United States
Dr. Johnson’s leadership in building and completing multidiscipline, multi-institutional projects started as a PostDoc at Los Alamos and continues to the present. Many of the projects he led received awards for their achievements – some cited as the most successful project in the institution's history, as measured by the breadth of utility, return on investment, and customer satisfaction. For Referentia, LANL, National Academies of Science, the Dept of Homeland Security, and volunteer services, Dr. Johnson’s approach is to serve the Nation and public, utilizing system-wide and sustainable solutions that integrate the best approaches assembled in a transparent and defensible manner, inclusive of all stakeholders. His technical research and applications span many areas: the origin of consciousness - particularly in AI systems, data-driven cybersecurity, quantitative risk assessment methods, agent-based modeling (ABM), numerical methods in fluid dynamics, non-equilibrium statistical mechanics, modeling of hydrogen combustion, and multiphase flow simulations. His "non-physics" research in the last 30 years focuses on mechanisms of performance and situational awareness in collective systems and models for behavior and decision-making in collective systems, particularly from bottom-up, emergent processes. He is a sought-after public speaker on the importance of diversity in governments, universities, financial markets, and cultures and as a group facilitator for public and academic decision-making. He is currently an officer on two nonprofit boards serving New Mexico. The figure in the paper below "The Where-How of Leadership Emergence (WHOLE) Landscape: Charting Emergent Collective Leadership" shows how the traditional approaches to leadership (left side) can be expanded to include new collective forms of leadership (right side) that radically change business and society.

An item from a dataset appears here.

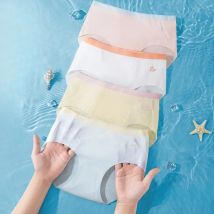 4PCS Kids Summer Cool Thin Breathable Briefs for Girls Solid Daily Panties 3+y Young Child Soft Comfort Antibacterial Underwears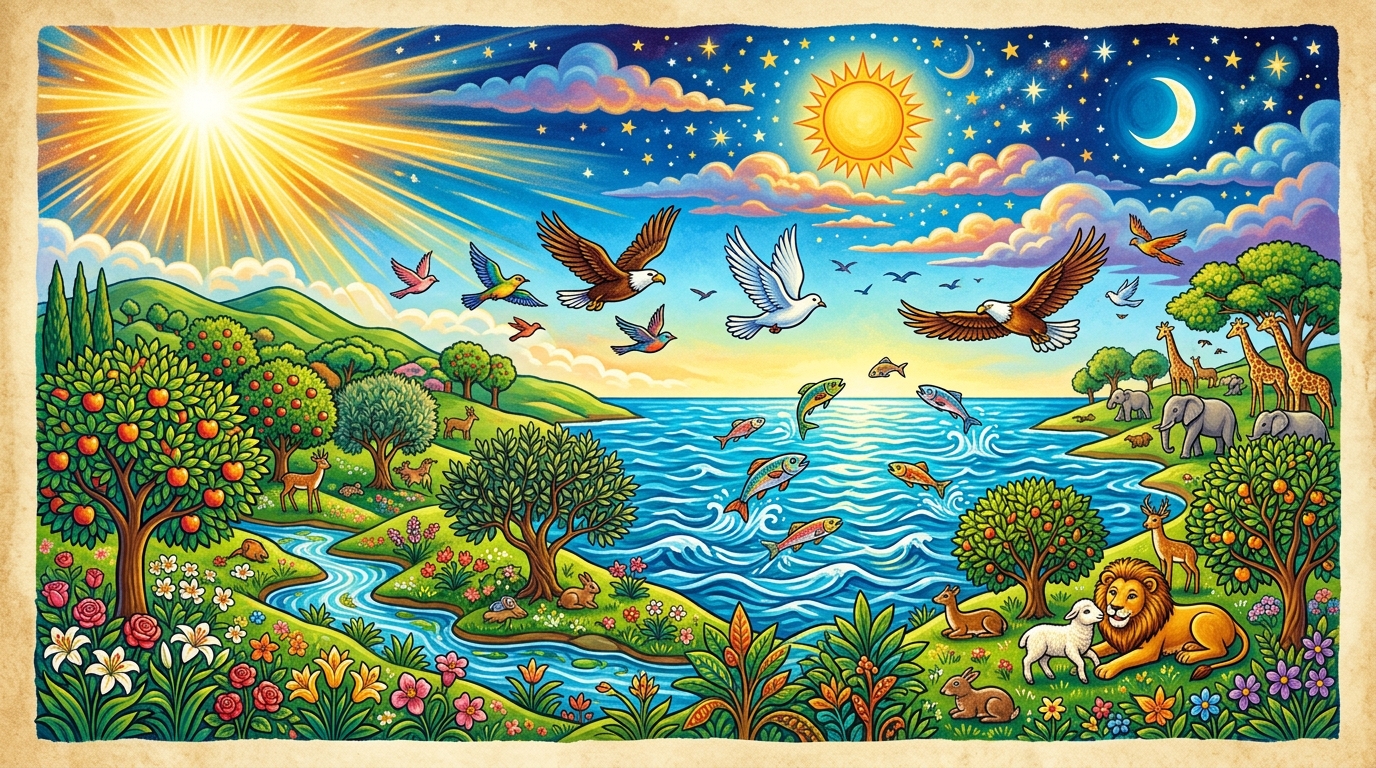 🌍 God the Magnificent Creator: The radiant beauty of the Six Days of Creation and God's sovereign wisdom in Genesis.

Referentia is a high-tech company based in Hawaii with staff located internationally. They team with strategic partners in industry, government and academic worldwide to combine basic research with proven commercialization capabilities, focusing on cybersecurity. Dr. Johnson as Chief Scientist provides leadership in Referentia’s strategic planning and development of new technology areas. As Principal Investigator (PI) he led two projects for developing disruptive technologies for human and malware threats for DARPA and ONR. He was also PI on the planning and analysis of the cyber experiments for PACOM J-85 (Terminal Fury), arguably the first repeatable, quantitative, and scientific performance studies of network and host sensors on realistic network configurations, traffic, and threats. He also supports the non-profit organization Cyber Collaboration Center, with a focus on education and training to help achieve a cyber-safe community. See more at https://cybercollaborationcenter.org//
Having been active in pure and applied research and gotten dirty in messy applied programs nationally and internationally, Norman seeks to understand for the greater good: the interplay between top-down centralized structures and bottom-up distributed processes – across all types of social structures from extended families to organizations to societies to natural systems. He sees collective organization through the lenses of social identity (awareness of us-versus-other), the tradeoffs between structure and options in evolving systems, and the power of emergent problem solving of diverse collectives – particularly as the source of all deep social change. See his publication on "Charting Emergent Collective Leadership." http://papers.ssrn.com/sol3/papers.cfm?abstract_id=1516618
The major conclusion (and quite unexpected) of Norman's 1998 research on collective intelligence was the importance of diversity to collective performance - where diversity is the uniqueness of the contribution to the collective. In fact, the collective performance was found to be proportional to the group diversity, and any filtering of the diversity, such as the selection of the best performers, lowered the diversity and collective performance. Scott Page and colleagues found identical results. As a consequence, Norman became a champion of diversity, not for moral reasons, but for performance of the organization. He has given talks on diversity (often titled "Diversity: the weapon of mass construction" or "The fall of the house of Experts") to many organizations, including Santa Fe Institute - Public lecture, National Institute of Health, Los Alamos National Laboratory, DOE's national leadership training program, National Society for Black Engineers, University of Michigan - Ann Arbor, University of California - San Francisco Medical School, and Sandia National Laboratory.
Planning, Organization, Execution, and Facilitation.
Dr. Johnson retained involvement in a variety of Los Alamos projects that he led – serving the Nation on pandemic influenza modeling-planning-response, on environmental surveillance of biothreats and on biodefense, including Co-Chair for the National Academy of Sciences study with Dr. David Franz, former Commander of USAMRIID, on facility protection from biological threats. He also served on a treaty delegation for Dept. of Homeland Security to Australia.